Lo si legge nel rapporto annuale della ONG
Almeno 280 attivisti e manifestanti sono ancora detenuti in Algeria alla fine del 2022. Durante lo scorso anno le autorità hanno intensificato la repressione della libertà di espressione e di riunione pacifica. Hanno represso ogni forma di dissenso.
A denunciarlo è Amnesty International (AI). Nel suo rapporto annuale, Amnesty mette in guardia contro la nuova legge sulle associazioni. Legge che l’Algeria sta preparando. Condanna la sospensione di almeno un partito politico e la minaccia di scioglimento altre due organizzazioni. Nonché le “inventate accuse di terrorismo” nei confronti di esponenti dell’opposizione.
AI ha evidenziato la decisione del governo algerino di rinviare nuovamente a settembre la prevista visita del Relatore Speciale sulla libertà di riunione pacifica e di associazione. Ciò avviene per l’ottava volta dal 2011. Tra gli esempi citati nel rapporto c’è la condanna di cinque giovani dell’Hirak (movimento di protesta antigovernativo). Condannati per aver pubblicato un video in cui una ragazza accusava la polizia di violenza sessuale. Il rapporto evidenzia anche la condanna a tre anni di reclusione dell’attivista ambientalista Mohad Gasmi. Questo per scambi di email sullo sfruttamento del gas di scisto in Algeria.

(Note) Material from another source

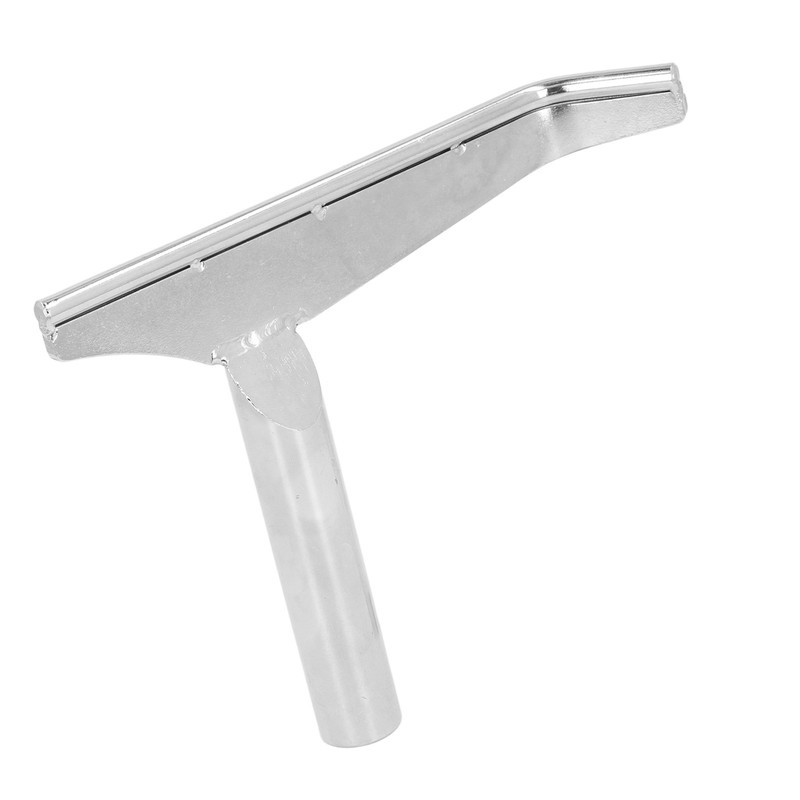 25mm Curved Lathe Tool Holder Alloy Steel 1in Diameter Post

La mancanza di libertà di movimento è segnalata come un’altra violazione dei diritti umani. Ci sono almeno cinque attivisti e giornalisti a cui è vietato lasciare il paese senza un permesso del tribunale.
“A febbraio, Lazhar Zouaimia, cittadino canadese di origine algerina e membro di Amnesty International Canada, è stato accusato di “terrorismo”.

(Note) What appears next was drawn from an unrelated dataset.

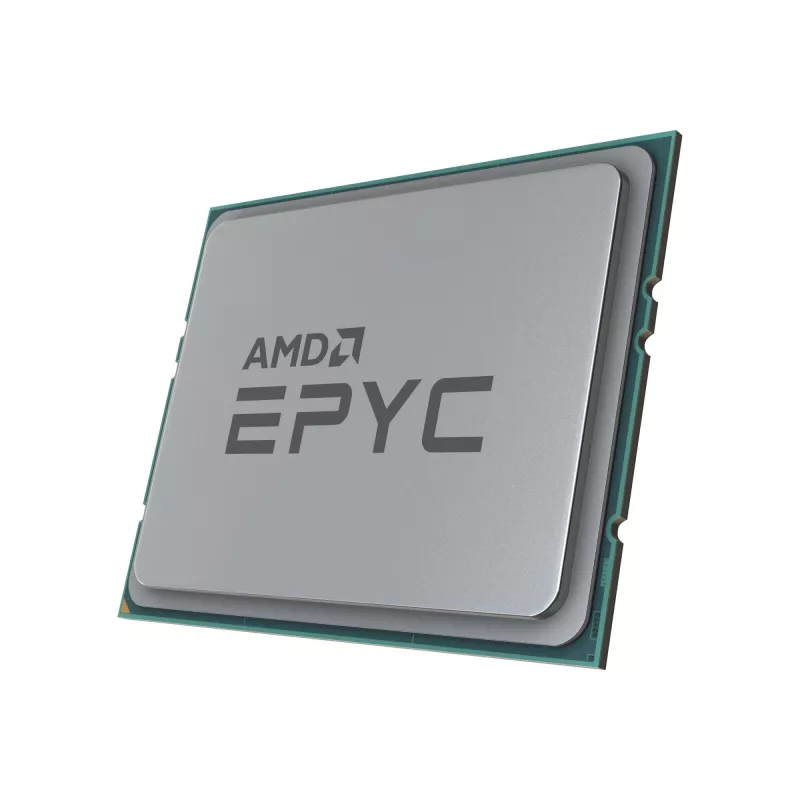 AMD EPYC 7702 - 2 GHz - 64 kodoli - 128 pavedieni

Questo a causa dei suoi presunti legami con il Movimento per l’autodeterminazione di Kabylia e Rachad. La ONG internazionale ritiene inoltre che il diritto a un giusto processo è compromesso. Le autorità hanno arrestato arbitrariamente gli avvocati della difesa. Anche gli abusi contro la popolazione migrante fanno parte del rapporto. Si afferma che migliaia di persone – 14.000 tra gennaio e maggio – sono state “espulse violentemente” dall’Algeria al “punto zero” al confine con il Niger.